Oklahoma Attorney General E. Scott Pruitt, who testified about the issue before House investigators on Capitol Hill last month, is among critics who say the Obama administration is flouting the letter of its own signature law.
The Affordable Care Act says government subsidies intended to help people buy health insurance should go to exchanges “established by the State.”
The exchanges, where Americans without employer-based insurance will buy coverage through premium tax credits, will start to enroll consumers in all 50 states and the District of Columbia on Oct. 1 for health coverage that takes effect in January.
Mr. Pruitt wants the court to issue an injunction that prevents the government from doling out tax credits to exchanges set up by the federal government. His lawsuit also seeks a court ruling that declares invalid the Internal Revenue Service rule that cleared the way for subsidies to be offered on the federally run exchanges.

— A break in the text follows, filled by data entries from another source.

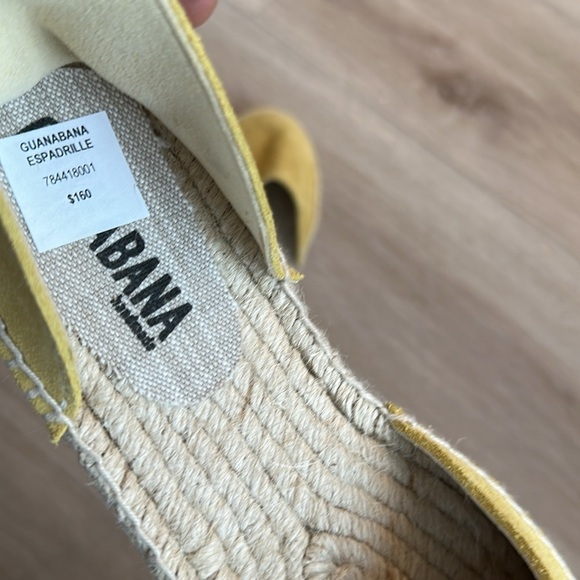 Guanabana VALENCIAN FLAT
WITH POMPOM - YELLOW NWOB - Picture 9 of 9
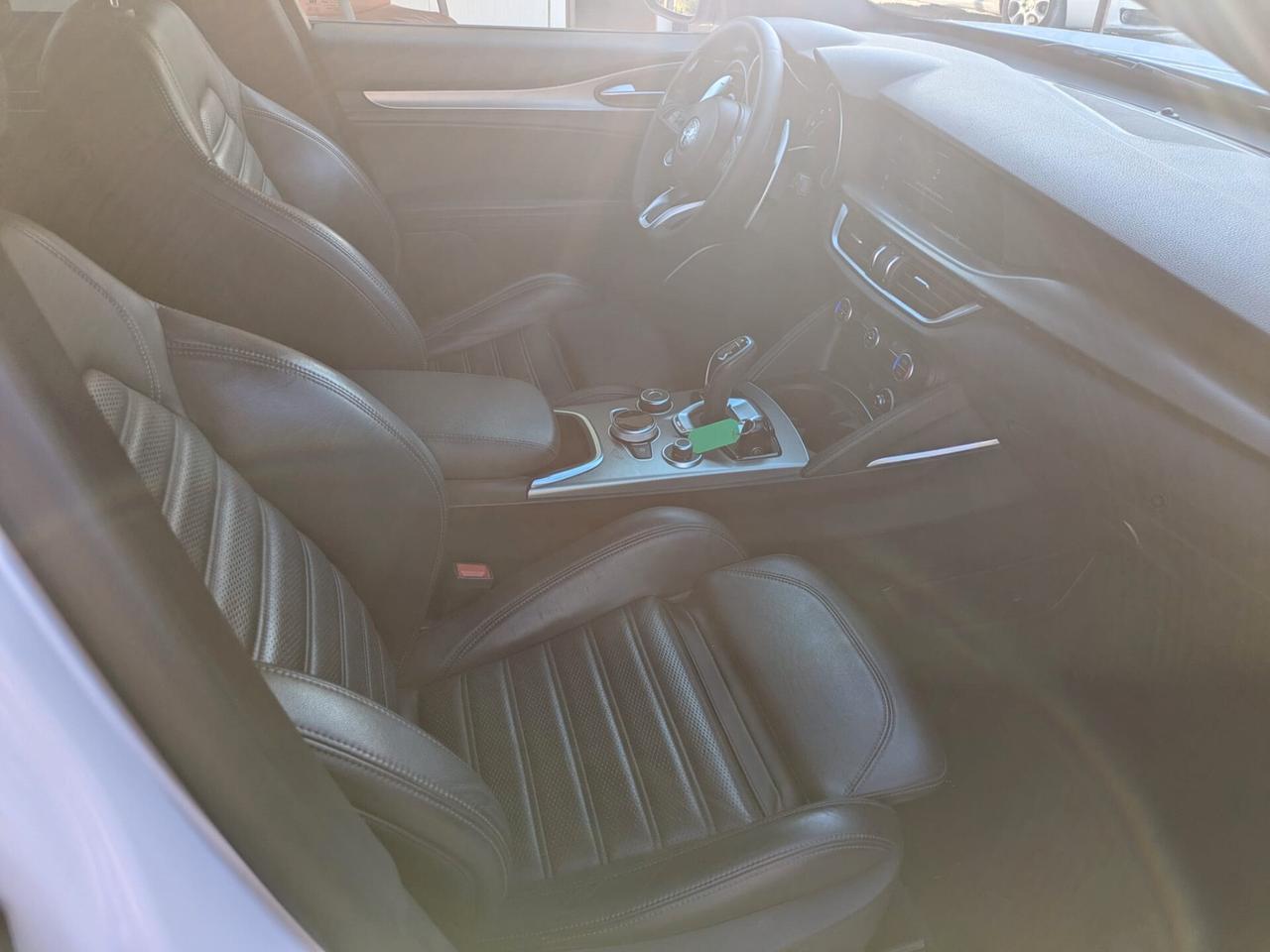 Alfa Romeo Stelvio 2.2 Turbodiesel 210 CV AT8 Q4 Veloce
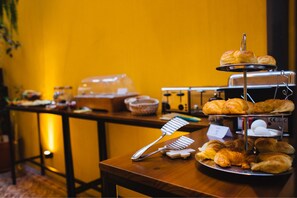 Esmorzar diari d'estil bufet gratuït 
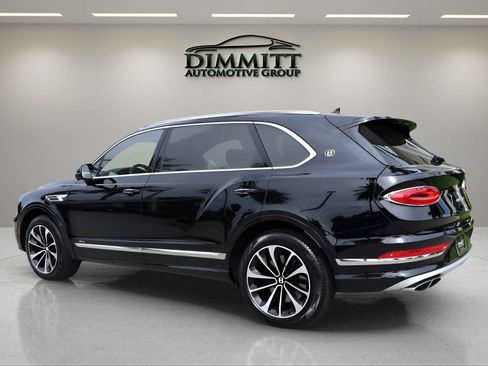 Used 2025 Bentley Bentayga Extended Wheelbase AWD/4WD image 3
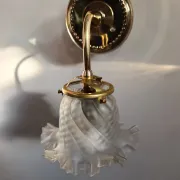 Chic retro wall light in gold brass & pink glass tulip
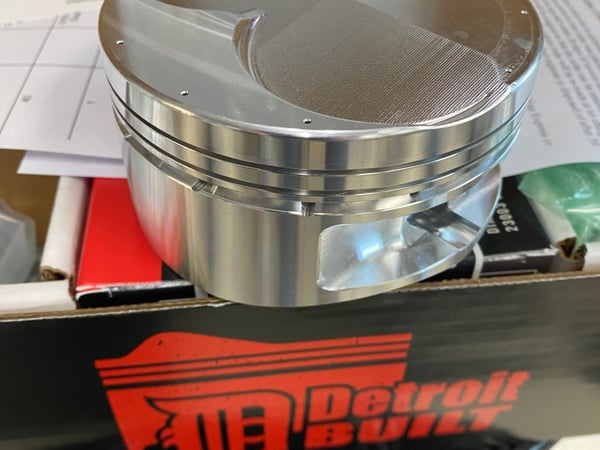 lsx diamond piston 10 of them and total seal rings , h13 pin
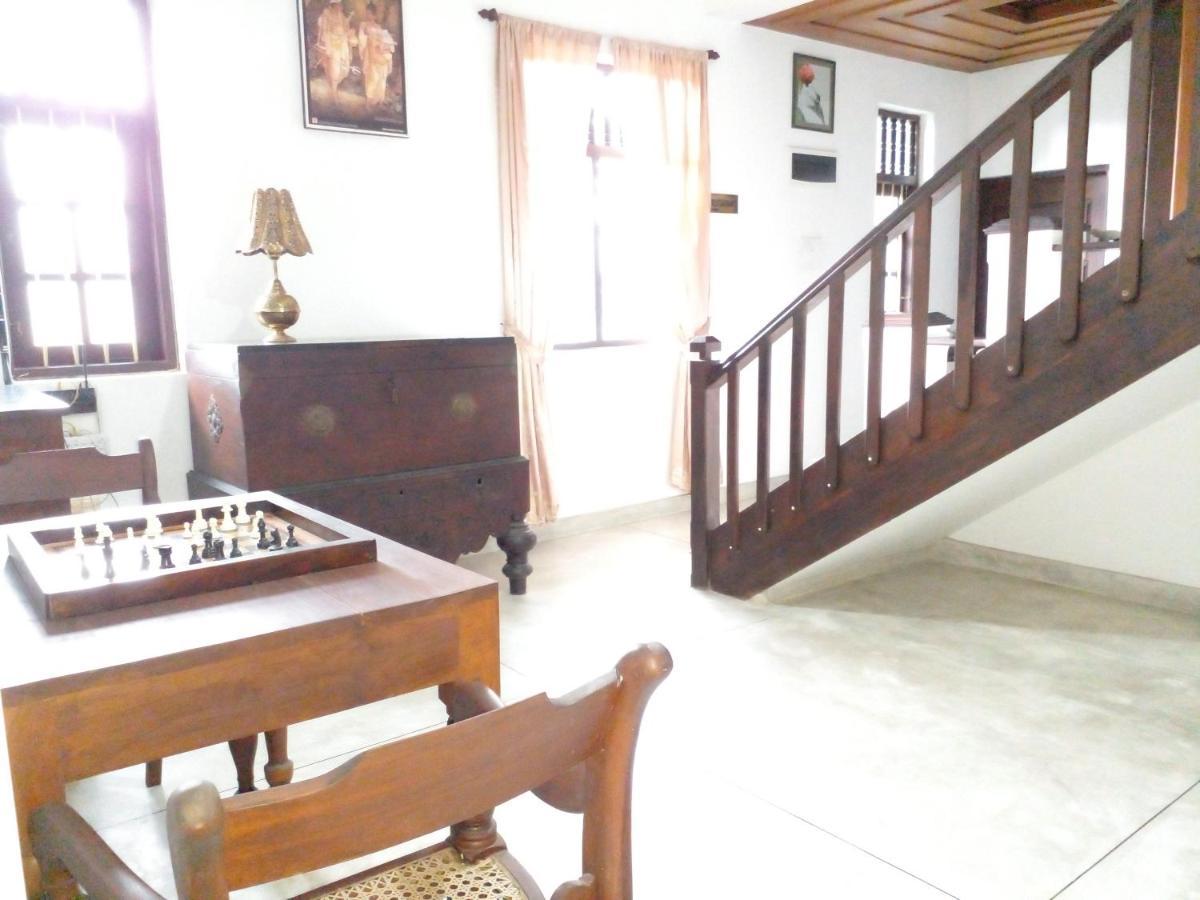 Muduna Walawwa Resort Kandy Exterior photo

A coalition of small-business owners in states that deferred to a federal exchange also have sued the administration in federal court, saying their states had the right to reject the subsidies.
For their part, administration officials say they’ve interpreted the law appropriately, and that Congress would never have intended to treat some states differently than others.
But critics say the Obama administration did not expect states to reject the opportunity to run the exchanges themselves, only to see more than half of them hand off the responsibility to the federal government.
Rep. Darrell E. Issa, California Republican and the chairman of the House Committee on Oversight and Government Reform, has said the administration is “stonewalling” his attempts to figure out why the Treasury Department interpreted the law in the way it did. He threatened July 31 to subpoena emails that detail the Treasury’s thinking before it issued its regulations.
Critics, such as Mr. Pruitt, also say the extension of subsidies to federally run exchanges exposes their states to the employer mandate, which requires companies of 50 or more full-time workers to provide adequate health coverage of pay fines. The fines kick in when at least one employee takes advantage of subsides on the exchange.
The White House announced July 2 it planned to delay the employer mandate by one year, to 2015.